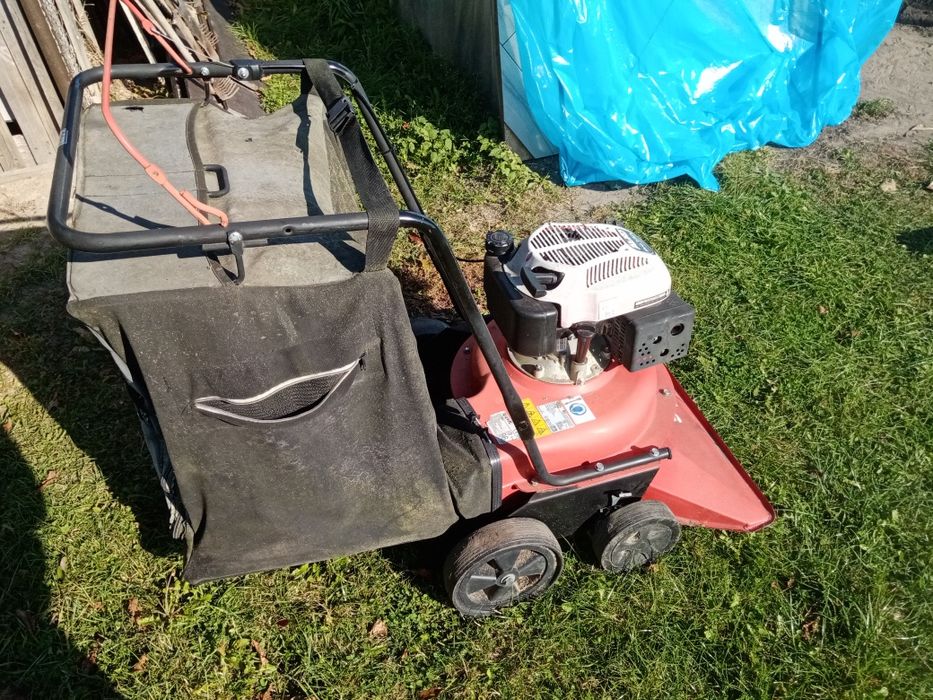 Odkurzacz spalinowy turbinowy rozdrabniajacy do liści trawy snieg tani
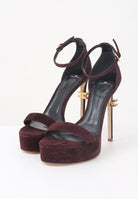 ELISABETTA FRANCHI Sandali con tacco bordeaux da donna SA44L56E2 EA4 ELISABETTA FRANCHI 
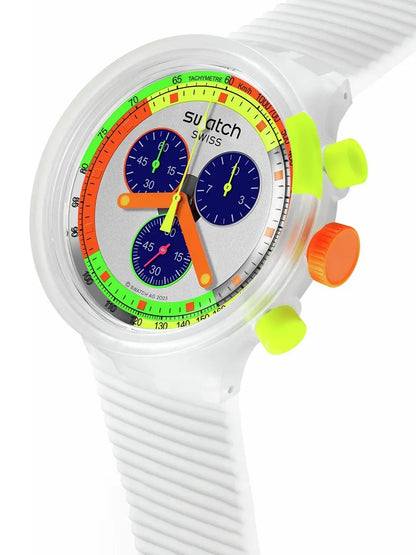 Swatch Neon Party To The Max Quartz Chronograph Unisex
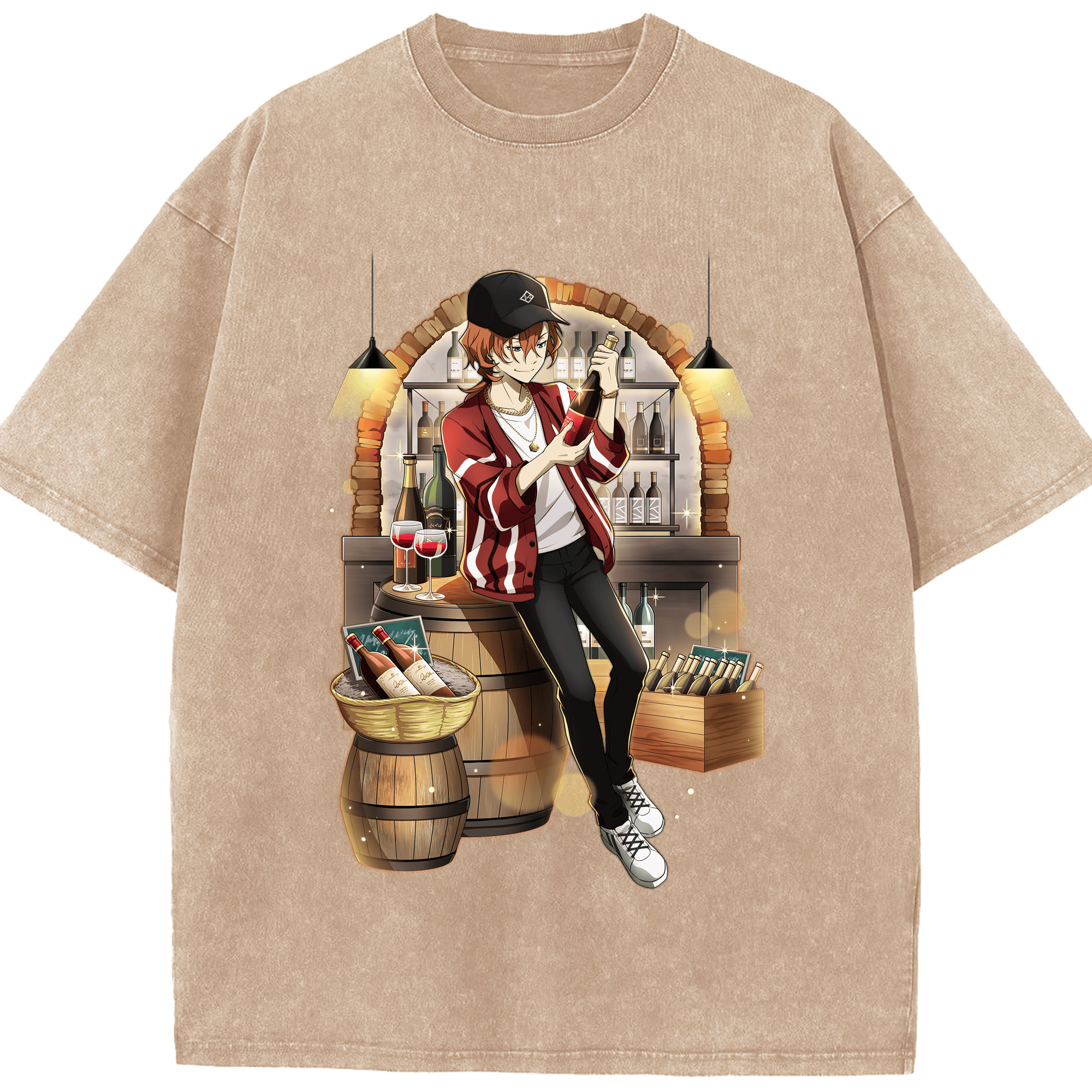 （画像用） 文豪ストレイドッグス Bungo Stray Dogs 綿100% ヴィンテージ風 半袖Tシャツ（フロントプリント）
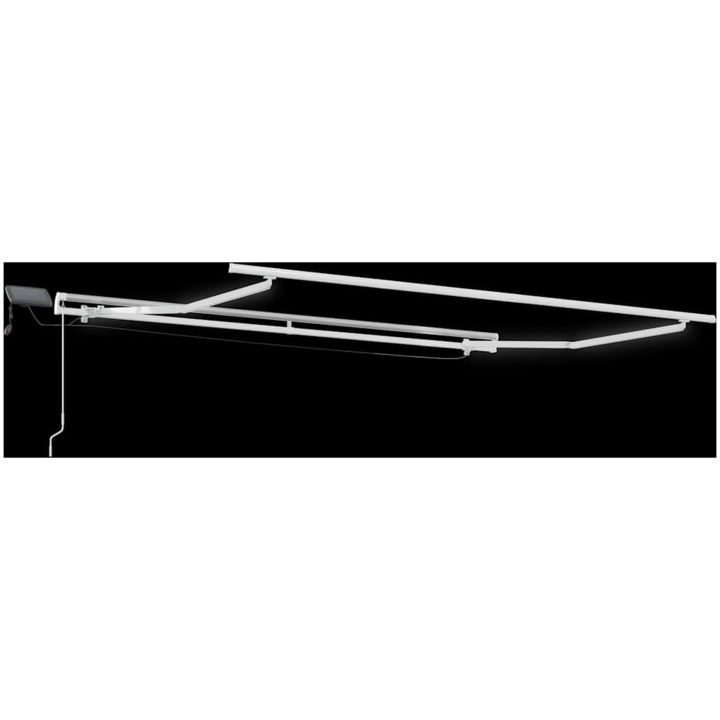 Markis manuellt infällbar med LED vinröd vidaXL 300 x 250 cm – bild 9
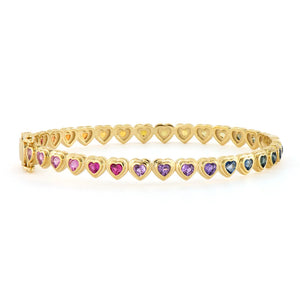 Show Your Love Continuous Rainbow Heart Bangle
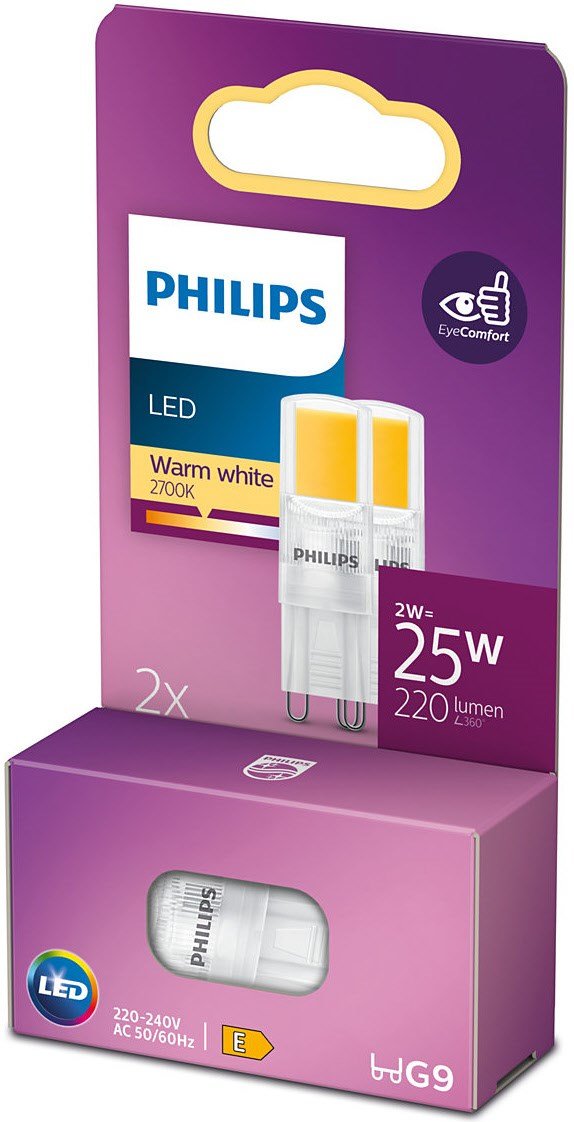 LED 25W G9 WW ND 2er P. LED-Leuchtmittel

##############################

WORK REQUEST:
Reproduce, word for word, everything in the listing above except the pictures.

OUTPUT FOR THIS EXERCISE:
 Odkurzacz spalinowy turbinowy rozdrabniajacy do liści trawy snieg tani
 ELISABETTA FRANCHI Sandali con tacco bordeaux da donna SA44L56E2 EA4 ELISABETTA FRANCHI 
 Swatch Neon Party To The Max Quartz Chronograph Unisex
 （画像用） 文豪ストレイドッグス Bungo Stray Dogs 綿100% ヴィンテージ風 半袖Tシャツ（フロントプリント）
 Markis manuellt infällbar med LED vinröd vidaXL 300 x 250 cm – bild 9
 Show Your Love Continuous Rainbow Heart Bangle
 LED 25W G9 WW ND 2er P. LED-Leuchtmittel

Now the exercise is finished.